Asiago Artichoke Dip

DSC_0200My gluten-intolerant friend was having a potluck this past winter and I was in a bit of a pickle. A lot of great ideas were already taken (she made a lasagna using rice noodles!) and everything I could think of had meat in it (the guest list was full of vegetarians!). A cheesy gluten-free vegetarian dip seemed like a good solution, so I tweaked the recipes I found online until they fit!

First, I finely chopped a medium onion and grated all the cheese. OK I cheated a bit, the asiago I bought was actually a 175g bag of shredded asiago… but I grated the cup of parmesan myself!

Melt 2 tbsp butter in a saucepan and saute the onion with 5 minced cloves of garlic until golden. I also added some garlic pepper and (vegetarian!) bacon salt.

While the onion and garlic were sauteeing, I chopped a green onion. I also drained 2 jars (about 300-400 ml each) of artichoke hearts and roughly chopped them.

I added 3/4 of the parmesan to the pot, then stirred in about 3/4 of a cup of cream. I turned the heat down because it was bubbling too vigorously. I then stirred it thoroughly, making sure to scrape the tasty bits off the bottom of the pan. Stirring, I added the artichokes and scallions.

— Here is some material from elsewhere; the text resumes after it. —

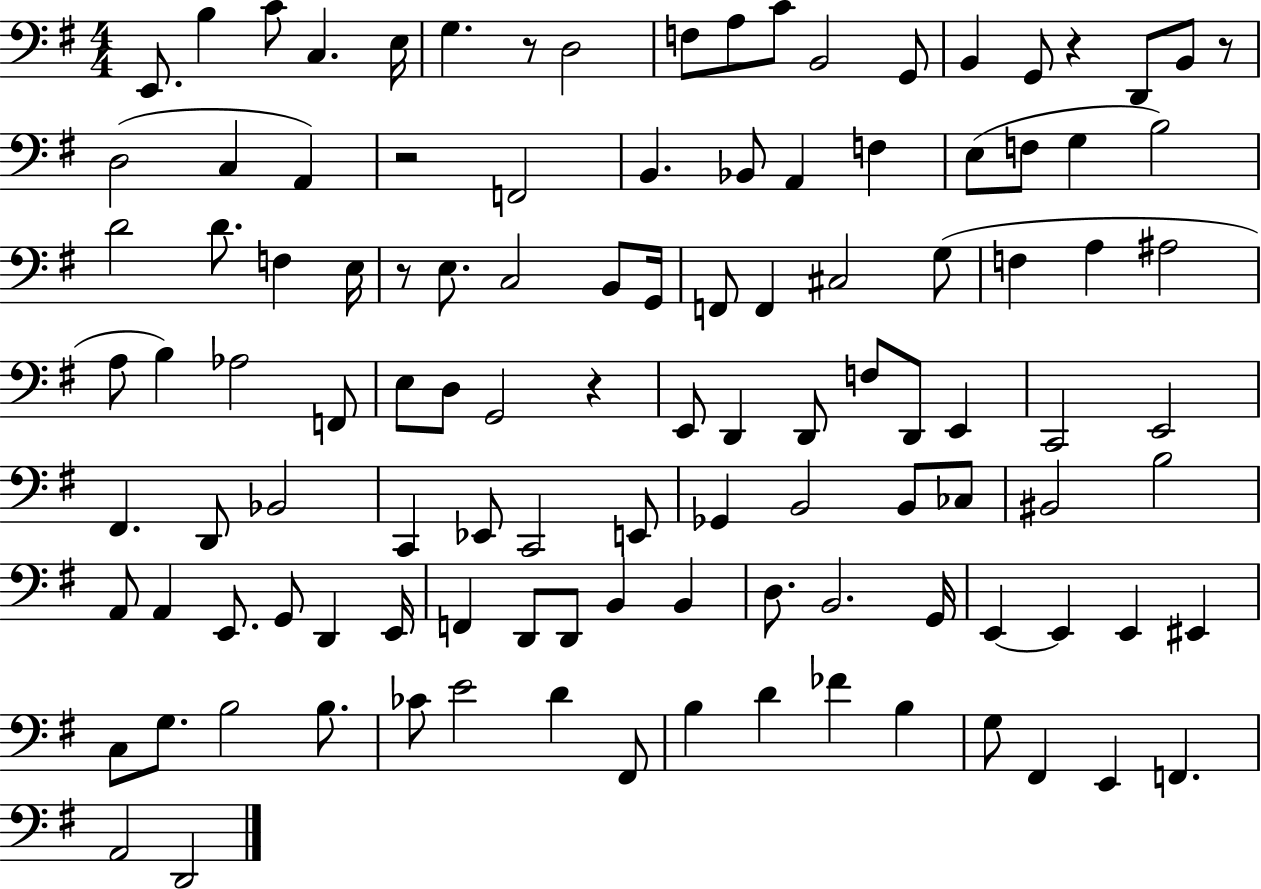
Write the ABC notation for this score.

Stirring scallions into the asiago artichoke dip

I set aside an equal amount of shredded asiago as the parm I set aside. I stirred in the rest of the asiago until melted, one handful at a time so it incorporated smoothly. In a separate bowl, I sprinkled 1/4 cup sour cream with about 2 tsp corn starch, and mixed thoroughly. I then stirred the sour cream mixture into the dip (this will keep the dip from separating at room temperature, after it has baked).

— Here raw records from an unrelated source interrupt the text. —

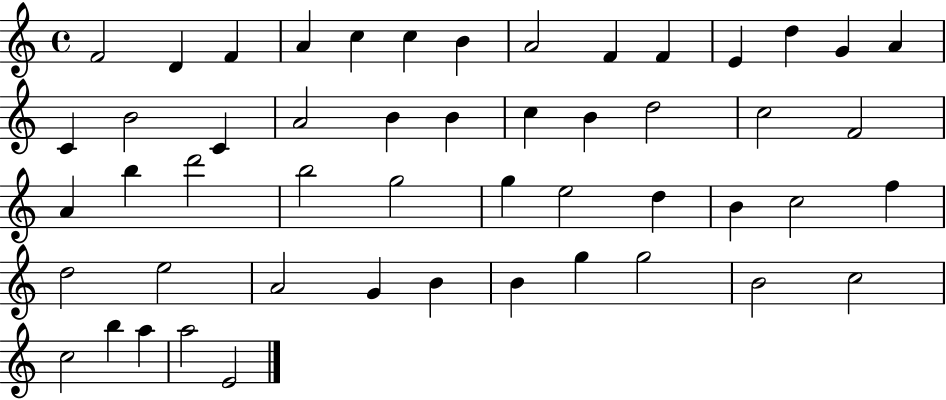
{
  \clef treble
  \time 4/4
  \defaultTimeSignature
  \key c \major
  f'2 d'4 f'4 | a'4 c''4 c''4 b'4 | a'2 f'4 f'4 | e'4 d''4 g'4 a'4 | \break c'4 b'2 c'4 | a'2 b'4 b'4 | c''4 b'4 d''2 | c''2 f'2 | \break a'4 b''4 d'''2 | b''2 g''2 | g''4 e''2 d''4 | b'4 c''2 f''4 | \break d''2 e''2 | a'2 g'4 b'4 | b'4 g''4 g''2 | b'2 c''2 | \break c''2 b''4 a''4 | a''2 e'2 | \bar "|."
}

Stirring the sour cream mixture into the asiago artichoke dip

I finished the whole she-bang with a squirt of lemon and gave it a taste, adjusting seasoning as required. I poured the whole mixture into an oven proof dish (mine’s a half-size of the standard lasagna dish, and it fit perfectly). Everything was topped evenly with all the cheese that was set aside, then covered with plastic wrap and refrigerated overnight. 


At party time, I baked it at 375 for about half an hour or until it was bubbly and gooey. Unfortunately, I didn’t bring my camera – so there’s no after photo! You’ll just have to imagine it golden brown and delicious!

The dip did separate a bit (probably because I used corn starch instead of flour, but I tried to do a quick substitute because the birthday girl is gluten-free). If that hadn’t been a concern, would’ve stuck to flour (likely made a roux) and it may have held together better. Delicious regardless!